### Extracted data
###

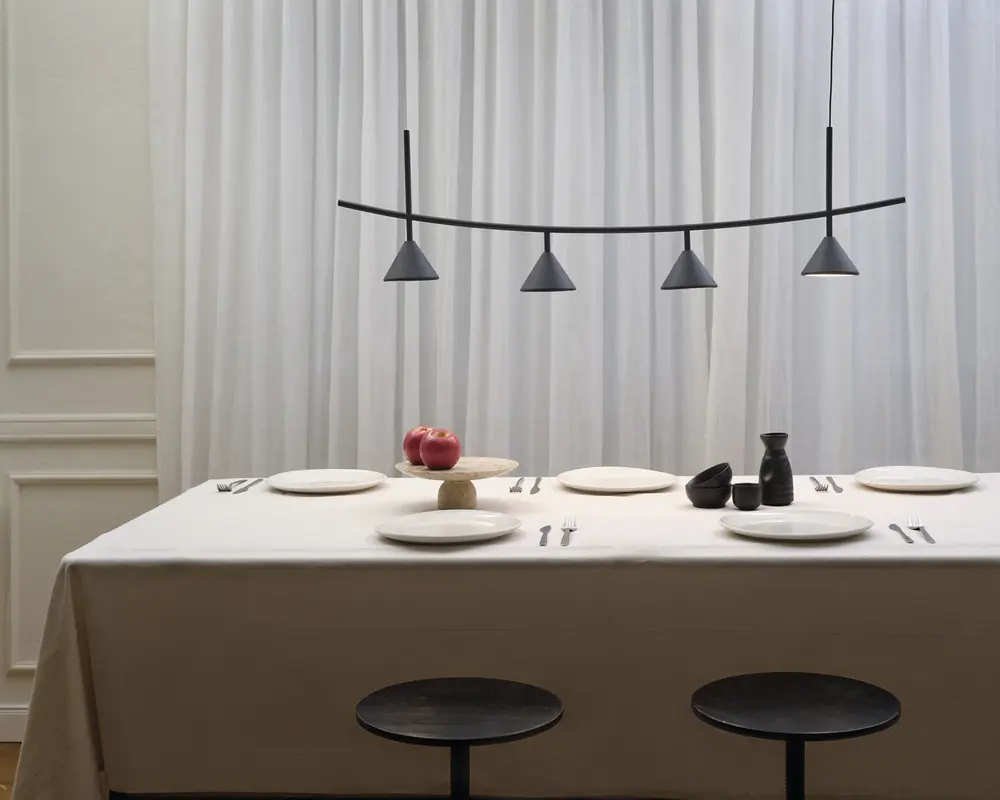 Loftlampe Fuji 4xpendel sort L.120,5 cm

###

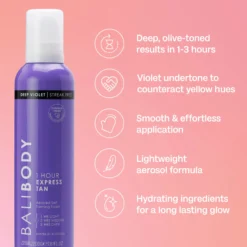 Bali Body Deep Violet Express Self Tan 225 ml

###

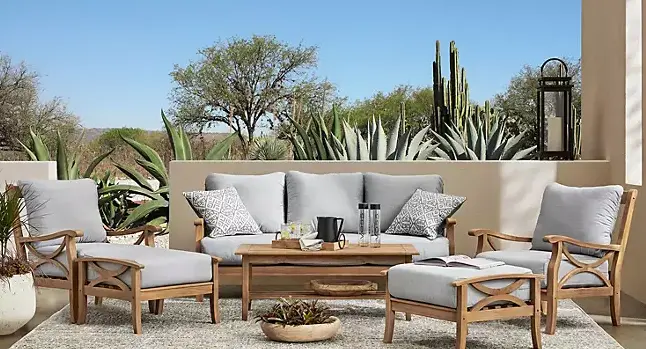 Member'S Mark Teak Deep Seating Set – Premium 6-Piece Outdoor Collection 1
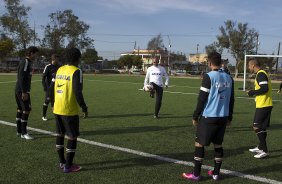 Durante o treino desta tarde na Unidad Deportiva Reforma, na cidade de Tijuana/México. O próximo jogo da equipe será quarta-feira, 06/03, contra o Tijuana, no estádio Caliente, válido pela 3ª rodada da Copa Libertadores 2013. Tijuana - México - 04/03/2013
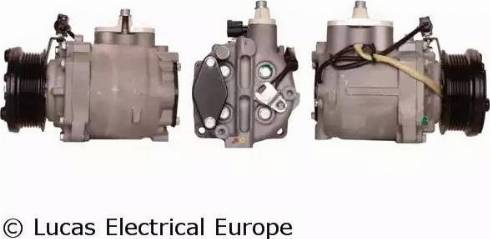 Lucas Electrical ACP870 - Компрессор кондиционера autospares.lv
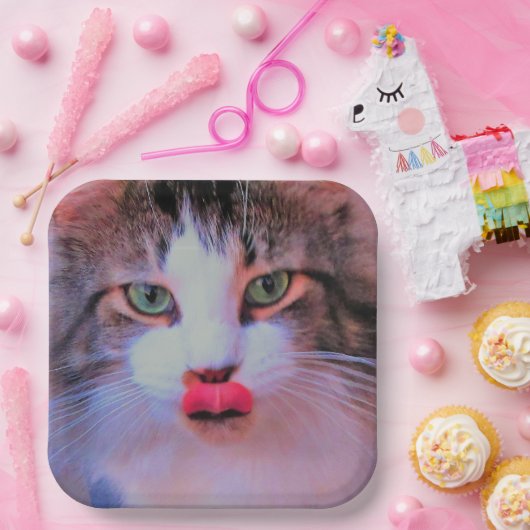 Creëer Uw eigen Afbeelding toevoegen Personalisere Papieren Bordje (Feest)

###

### Instructions to follow
Copy word for word the span of the records above that begins at the line with "Member'S Mark Teak" and ends at the line with "Creëer Uw eigen", including those two lines but not the pictures.

### Finished exercise
 Member'S Mark Teak Deep Seating Set – Premium 6-Piece Outdoor Collection 1
 Durante o treino desta tarde na Unidad Deportiva Reforma, na cidade de Tijuana/México. O próximo jogo da equipe será quarta-feira, 06/03, contra o Tijuana, no estádio Caliente, válido pela 3ª rodada da Copa Libertadores 2013. Tijuana - México - 04/03/2013
 Lucas Electrical ACP870 - Компрессор кондиционера autospares.lv
 Creëer Uw eigen Afbeelding toevoegen Personalisere Papieren Bordje (Feest)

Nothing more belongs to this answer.